Dr Grace Murray Hopper painting portrait by Anya Vero in oil on silk

1906-1992

 

Grace Murray Hopper

Dr Grace Murray Hopper revolutionised and modernised computer programming by inventing the first compiler, a program that converts programming code into machine language. She was one of the first computer programmers, working on the Hardvard Mark I – the first machine that could process long computations automatically, used in the war efforts during WWII.

Among many achievements, Dr Hopper helped to develop COBOL – one of the first high-level programming languages, and she reached the title of the Rear Admiral of the United States Navy, receiving the Defense Distinguished Service Medal (the highest award by the Department of Defence) upon retirement and holding over 30 honorary doctorate degrees.

Dr Grace Murray Hopper  painting portrait by Anya Vero in oil on silk

To really understand the significance of Grace Hopper’s work on computing language, think of this.

You might have heard of ‘binary’ notation – that the basis of all computing language is ones and zeroes. This sort of thing: 

 

1110001001101010111010101

 

Everything that a computer does can be reduced to many ones and zeroes.

How many? Well the Microsoft Windows programme takes about 20GB to run, which equates to 170 Billion ones and zeroes. 

Imagine programming that from scratch. 

The upshot of Hopper’s work on compiling – automatically translating what we want machines to do into this form of code – is that we don’t have to programme individuals computers and functions from scratch.

Dr Grace Murray Hopper  painting portrait by Anya Vero in oil on silk

“If you ask me what accomplishment I’m most proud of, the answer would be all the young people I’ve trained over the years; that’s more important than writing the first compiler.”

Dr Grace Murray Hopper

AMAZING GRACE

 

Early Life, Education & Career

A young Grace Hopper’s fascination with machines is probably best illustrated by the lovely story about her taking apart her alarm clock to see how it worked, before proceeding to do the same to 7 other clocks in her house before her mum found her out…

This passion for machines translated into a wider mission throughout her career – to bring computing to a much wider audience.  

After completing her Masters Degree in Physics and Maths at Yale University, and then her Maths phD 4 years later, Hopper returned to her alma mater, Vassar College, to teach maths and begin her research into computers and machine language.

She served in the Navy Reserves from 1943 and she stayed in her research fellowship under a Navy contract, who saw the amazing potential of her work to revolutionise military technology.

This notwithstanding, Hopper found that, throughout her career, she had to fight for the genius of her work to be recognised. She claimed that, on developing her first working ‘compiler’ in 1953, no one was interested in it because “computers could only do arithmetic”. 

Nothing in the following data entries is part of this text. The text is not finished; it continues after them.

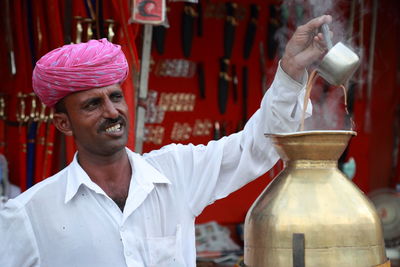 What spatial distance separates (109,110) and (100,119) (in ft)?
0.15

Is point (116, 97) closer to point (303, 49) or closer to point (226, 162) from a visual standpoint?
point (226, 162)

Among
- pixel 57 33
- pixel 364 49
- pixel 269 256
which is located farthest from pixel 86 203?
pixel 364 49

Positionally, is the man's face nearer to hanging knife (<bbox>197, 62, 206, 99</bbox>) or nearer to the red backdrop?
the red backdrop

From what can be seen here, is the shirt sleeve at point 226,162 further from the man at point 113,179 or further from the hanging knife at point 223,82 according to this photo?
the hanging knife at point 223,82

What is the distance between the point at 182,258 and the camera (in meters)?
2.54

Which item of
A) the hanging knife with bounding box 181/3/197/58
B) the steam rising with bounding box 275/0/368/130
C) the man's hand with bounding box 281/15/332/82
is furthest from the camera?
the steam rising with bounding box 275/0/368/130

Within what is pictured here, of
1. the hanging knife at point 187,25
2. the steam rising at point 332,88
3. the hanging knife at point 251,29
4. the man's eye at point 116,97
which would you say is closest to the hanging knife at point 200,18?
the hanging knife at point 187,25

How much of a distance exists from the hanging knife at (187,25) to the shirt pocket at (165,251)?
2.72 m

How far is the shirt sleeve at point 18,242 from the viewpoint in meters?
2.40

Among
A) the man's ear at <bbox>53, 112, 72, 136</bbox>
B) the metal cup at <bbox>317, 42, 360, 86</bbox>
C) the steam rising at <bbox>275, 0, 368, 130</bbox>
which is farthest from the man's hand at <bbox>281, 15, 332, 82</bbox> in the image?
the steam rising at <bbox>275, 0, 368, 130</bbox>

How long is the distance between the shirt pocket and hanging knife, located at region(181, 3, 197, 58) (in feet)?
8.92

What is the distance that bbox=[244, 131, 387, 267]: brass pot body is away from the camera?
1.78 m

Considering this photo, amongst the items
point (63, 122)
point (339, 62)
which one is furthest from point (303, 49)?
point (63, 122)

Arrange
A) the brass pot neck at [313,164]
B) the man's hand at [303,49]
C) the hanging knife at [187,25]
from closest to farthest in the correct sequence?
the brass pot neck at [313,164]
the man's hand at [303,49]
the hanging knife at [187,25] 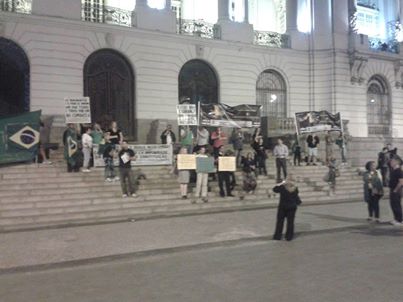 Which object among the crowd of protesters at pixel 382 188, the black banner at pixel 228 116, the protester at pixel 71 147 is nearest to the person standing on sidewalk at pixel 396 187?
the crowd of protesters at pixel 382 188

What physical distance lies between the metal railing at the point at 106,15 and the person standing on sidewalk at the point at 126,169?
9.37 metres

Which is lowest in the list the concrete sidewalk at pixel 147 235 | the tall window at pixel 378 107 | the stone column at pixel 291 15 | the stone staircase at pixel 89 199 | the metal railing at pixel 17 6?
the concrete sidewalk at pixel 147 235

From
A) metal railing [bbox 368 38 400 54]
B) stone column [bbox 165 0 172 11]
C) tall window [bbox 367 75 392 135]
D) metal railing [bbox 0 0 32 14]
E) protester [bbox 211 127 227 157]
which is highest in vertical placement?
stone column [bbox 165 0 172 11]

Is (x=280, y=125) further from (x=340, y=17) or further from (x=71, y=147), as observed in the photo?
(x=71, y=147)

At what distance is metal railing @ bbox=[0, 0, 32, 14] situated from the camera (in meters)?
20.0

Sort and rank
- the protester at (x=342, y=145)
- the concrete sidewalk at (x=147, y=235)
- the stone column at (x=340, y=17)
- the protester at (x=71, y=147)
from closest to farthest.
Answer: the concrete sidewalk at (x=147, y=235) → the protester at (x=71, y=147) → the protester at (x=342, y=145) → the stone column at (x=340, y=17)

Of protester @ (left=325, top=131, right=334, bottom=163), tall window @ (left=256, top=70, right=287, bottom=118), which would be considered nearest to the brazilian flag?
protester @ (left=325, top=131, right=334, bottom=163)

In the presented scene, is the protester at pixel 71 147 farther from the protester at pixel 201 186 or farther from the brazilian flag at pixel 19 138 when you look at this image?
the protester at pixel 201 186

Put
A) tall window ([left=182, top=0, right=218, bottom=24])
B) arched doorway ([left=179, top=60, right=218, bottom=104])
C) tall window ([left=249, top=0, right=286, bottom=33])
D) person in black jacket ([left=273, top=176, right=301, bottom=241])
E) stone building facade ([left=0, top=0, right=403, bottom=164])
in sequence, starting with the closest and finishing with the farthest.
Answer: person in black jacket ([left=273, top=176, right=301, bottom=241]), stone building facade ([left=0, top=0, right=403, bottom=164]), arched doorway ([left=179, top=60, right=218, bottom=104]), tall window ([left=182, top=0, right=218, bottom=24]), tall window ([left=249, top=0, right=286, bottom=33])

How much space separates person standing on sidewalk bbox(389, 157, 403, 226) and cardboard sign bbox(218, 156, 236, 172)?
5.42 metres

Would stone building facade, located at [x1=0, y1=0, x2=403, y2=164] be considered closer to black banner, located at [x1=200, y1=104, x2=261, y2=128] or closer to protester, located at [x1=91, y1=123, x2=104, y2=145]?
black banner, located at [x1=200, y1=104, x2=261, y2=128]

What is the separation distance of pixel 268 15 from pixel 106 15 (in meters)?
10.2

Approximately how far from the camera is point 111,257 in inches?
346

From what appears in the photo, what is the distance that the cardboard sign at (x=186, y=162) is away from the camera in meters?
15.4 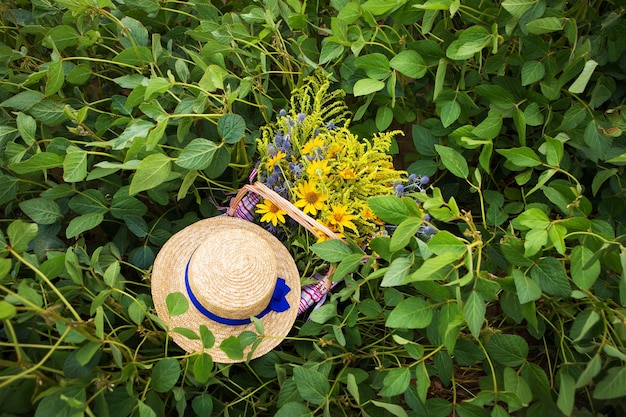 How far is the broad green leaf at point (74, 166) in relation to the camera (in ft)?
3.13

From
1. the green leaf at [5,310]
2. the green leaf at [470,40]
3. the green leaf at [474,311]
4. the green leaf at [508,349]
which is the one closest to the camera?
the green leaf at [5,310]

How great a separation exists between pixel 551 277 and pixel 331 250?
1.27 ft

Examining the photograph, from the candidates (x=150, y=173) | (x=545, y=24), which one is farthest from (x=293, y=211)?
(x=545, y=24)

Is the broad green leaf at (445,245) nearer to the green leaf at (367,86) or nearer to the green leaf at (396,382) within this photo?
the green leaf at (396,382)

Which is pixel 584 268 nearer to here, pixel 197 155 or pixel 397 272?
pixel 397 272

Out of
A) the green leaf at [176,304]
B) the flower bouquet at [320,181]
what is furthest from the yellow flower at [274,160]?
the green leaf at [176,304]

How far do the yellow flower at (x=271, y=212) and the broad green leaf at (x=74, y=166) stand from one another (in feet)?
1.14

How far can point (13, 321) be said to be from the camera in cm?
83

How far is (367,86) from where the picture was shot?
1064 millimetres

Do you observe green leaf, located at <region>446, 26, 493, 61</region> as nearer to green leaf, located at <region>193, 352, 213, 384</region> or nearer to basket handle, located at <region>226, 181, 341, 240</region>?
basket handle, located at <region>226, 181, 341, 240</region>

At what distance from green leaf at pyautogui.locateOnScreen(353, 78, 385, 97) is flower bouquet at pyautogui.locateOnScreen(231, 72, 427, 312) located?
0.06 m

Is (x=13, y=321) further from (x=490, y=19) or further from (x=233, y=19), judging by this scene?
(x=490, y=19)

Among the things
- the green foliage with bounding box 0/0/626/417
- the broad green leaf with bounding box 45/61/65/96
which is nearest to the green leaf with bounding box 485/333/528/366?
the green foliage with bounding box 0/0/626/417

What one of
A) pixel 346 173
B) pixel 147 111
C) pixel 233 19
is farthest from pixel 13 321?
pixel 233 19
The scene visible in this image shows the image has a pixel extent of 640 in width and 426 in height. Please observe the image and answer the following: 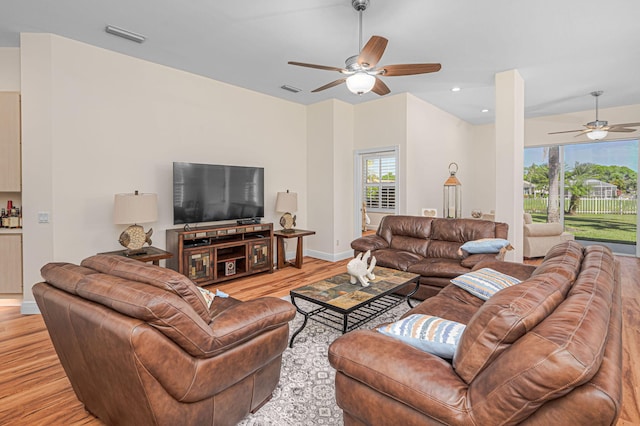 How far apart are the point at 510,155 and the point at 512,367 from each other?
4.12 m

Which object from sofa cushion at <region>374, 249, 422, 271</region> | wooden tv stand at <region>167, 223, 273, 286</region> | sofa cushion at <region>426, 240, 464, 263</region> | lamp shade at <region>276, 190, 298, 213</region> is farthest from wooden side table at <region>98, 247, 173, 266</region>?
sofa cushion at <region>426, 240, 464, 263</region>

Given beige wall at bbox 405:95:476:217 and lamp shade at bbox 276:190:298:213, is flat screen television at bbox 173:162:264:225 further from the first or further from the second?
beige wall at bbox 405:95:476:217

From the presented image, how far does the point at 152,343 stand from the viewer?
4.04 ft

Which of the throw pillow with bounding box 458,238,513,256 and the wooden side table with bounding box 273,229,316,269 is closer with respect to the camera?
the throw pillow with bounding box 458,238,513,256

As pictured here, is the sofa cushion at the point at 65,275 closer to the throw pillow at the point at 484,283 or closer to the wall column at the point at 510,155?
the throw pillow at the point at 484,283

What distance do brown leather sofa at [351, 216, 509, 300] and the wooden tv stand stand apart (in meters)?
1.51

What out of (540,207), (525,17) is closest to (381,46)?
(525,17)

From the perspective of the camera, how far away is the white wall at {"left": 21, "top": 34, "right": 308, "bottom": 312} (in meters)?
3.41

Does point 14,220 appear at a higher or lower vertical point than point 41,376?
higher

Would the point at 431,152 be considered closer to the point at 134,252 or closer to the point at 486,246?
the point at 486,246

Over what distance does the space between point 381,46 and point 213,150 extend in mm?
3156

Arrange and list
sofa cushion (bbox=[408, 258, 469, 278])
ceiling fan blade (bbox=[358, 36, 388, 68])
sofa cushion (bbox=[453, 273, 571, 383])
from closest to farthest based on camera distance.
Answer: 1. sofa cushion (bbox=[453, 273, 571, 383])
2. ceiling fan blade (bbox=[358, 36, 388, 68])
3. sofa cushion (bbox=[408, 258, 469, 278])

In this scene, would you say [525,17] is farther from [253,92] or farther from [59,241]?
[59,241]

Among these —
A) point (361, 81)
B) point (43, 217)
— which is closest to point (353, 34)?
point (361, 81) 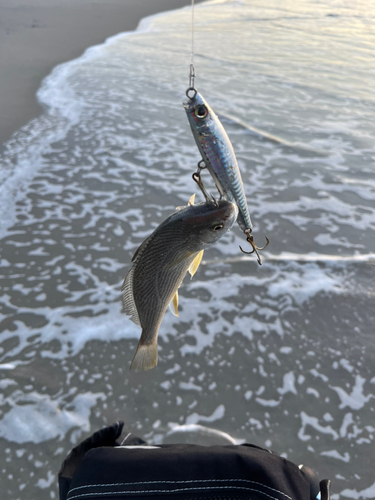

6 years later, she finished developing her new computer language – COBOL (standing for “COmmon Business-Oriented Language”) – and worked to standardise computing language throughout the world to make it more effective and accessible.

Her work saw her secure a stream of prestigious awards. In 1973, she became the first woman and the first American to be made a Distinguished Fellow of the British Computer Society, and by the time she retired from the Navy in 1986 (aged 80), she had attained the rank of Rear Admiral. She continued working to the end as a consultant to the Digital Equipment Corporation and was awarded the National Medal of Technology in 1991, several months before her death.